The consultant relates how he was driving around Leon, Guanajuato, and ran into a man named Hector Snyman, who turned out to be a relative. He delineates his three marriages and the names of his children.

In addition to raising cattle, Mr. Jones also raises quarter horses and has served as president of the New Mexico Quarter Horse Associations three times. He relates how he got into the business, starting out with Warren Shoemaker's son-in-law and a veterinarian named Dr. Kleck.

The consultant also worked for the telephone company in Las Vegas and also spent thirty years with the Cattle Sanitary Board inspecting brands. He describes his work as an assistant direct for northern New Mexico, while Dale Cooper held the same position in southern New Mexico. They reported to Lee Garner. In the 1960s the Cattle Sanitary Board and the Sheep Sanitary Board were combined into the Livestock Board.

After his heart surgery he got back into the cattle breeding business. He bought Hereford cows and started breeding them with Red Angus bulls.

Tape 4, Side B

Mr. Jones talked about the "skyrocketing" prices for land. At the prices some people are paying, $200/acre for rangeland, there's no way that raising livestock on the land can pay for it. He mentions the ranchers in the area who have herds, but said many are absentee owners from Texas and the rest are yearling operators.

He also discusses the registered cattle business and the use of artificial insemination and his raising of registered Red Angus bulls. He also describes how they sell cattle via satellite video. He said that if his grandfather knew it "would absolutely knock his socks off."

Mr. Jones also explains the difference between Red Angus and Black Angus, and how the Red Angus was developed from Black Angus. The Bectons in Sheridan, Wyo., did much of this breeding. Both breeds can be too large. Most desirable is a medium-size frame with good carcass value in order to produce the ideal size steak.

He next describes some of his quarter horses and the prices some of them can bring. He uses Josh Armstrong in Las Cruces to train his horses. The center of the quarter horse world, he feels, is Gainesville, Tex. He describes how he keeps all the records for his horses on a computer. This includes pedigrees and physical information such as vaccinations, deworming, shoeing, etc.
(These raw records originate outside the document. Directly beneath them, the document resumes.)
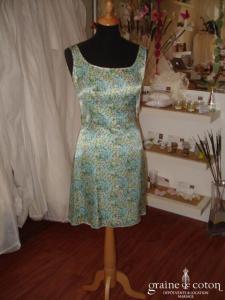 Max Chaoul - Ensemble turquoise robe en soie et veste longue en mikado de soie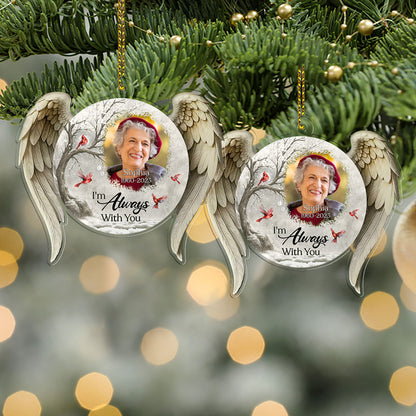 We’re Always With You Memorial Acrylic Ornament | Personalized Custom Name Photo Ornament 683614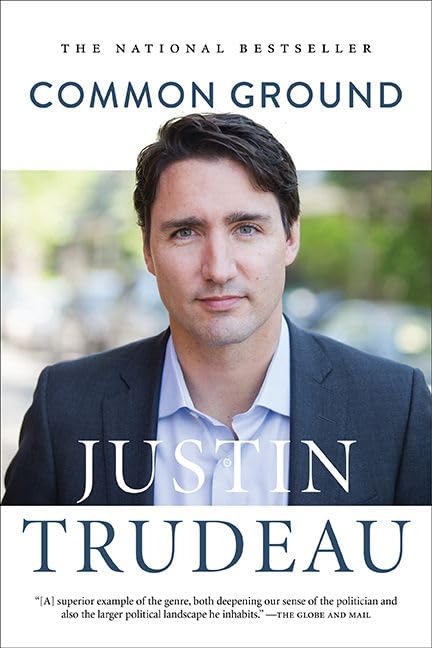 Book cover of 'Common Ground' by Justin Trudeau featuring a portrait of him against a blurred outdoor background.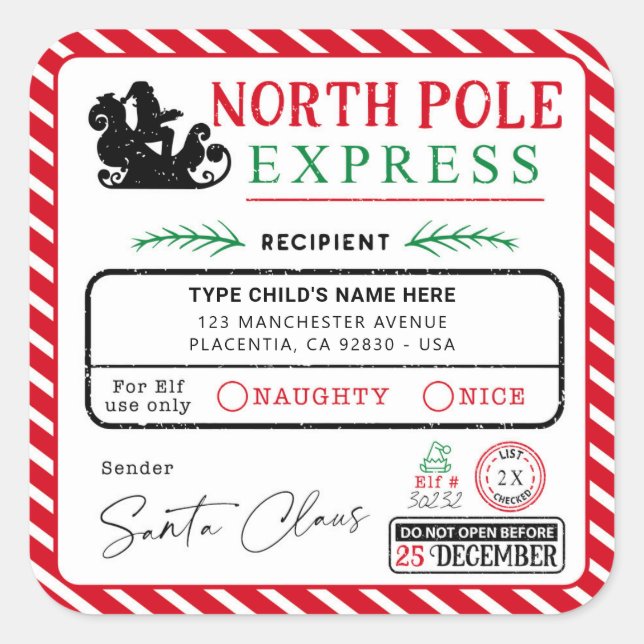 Weihnachts-Nordpol-Express-Adresse Versand Quadratischer Aufkleber (Vorderseite)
He also continues his family tradition of keeping a written diary.

In describing the changes in farming and ranching in his lifetime, he mentions the use of fertilizers, virtually unheard of when he was a child. The other major change was the use of a laser leveler because it saves water and labor. In addition money is available from a wider variety of sources; a rancher no longer has to rely on his personal local bank.

He also describes the changes in the telephone system. Years ago you were charged every time you cranked the phone, so you didn't use the phone that much, but if you had a problem the local people would come out to fix it.

As for future changes, he feels that most farming will be done by large corporations, although vegetable farms, like those in the Mesilla Valley, will survive for many more years. He's concerned, too, about the developments on irrigated land that may lead to the loss of agricultural (irrigated) land.

Tape 5, Side A

Highway construction has changed, as they no longer will use river gravel anymore, but go to limestone quarries to get gravel that will pass a pressure test.

There was a brief discussion of brands. His great grandfather had the Hashknife brand, which he still uses on his calling card for his horse business, and he uses the Walking O brand for his Red Angus. Brands were first recorded in Las Vegas and the office was later moved to Albuquerque. There was talk of moving it to Santa Fe, which Mr. Jones opposed. He also feels the state should be more careful about spending money on things like high-priced vehicles and an assistant veterinarian.

Finally, he describes how in many Western states it is possible to get a lifetime inspection of a horse. While it costs more, it is well worth it, he feels, because it saves hassles for the inspectors and the owner.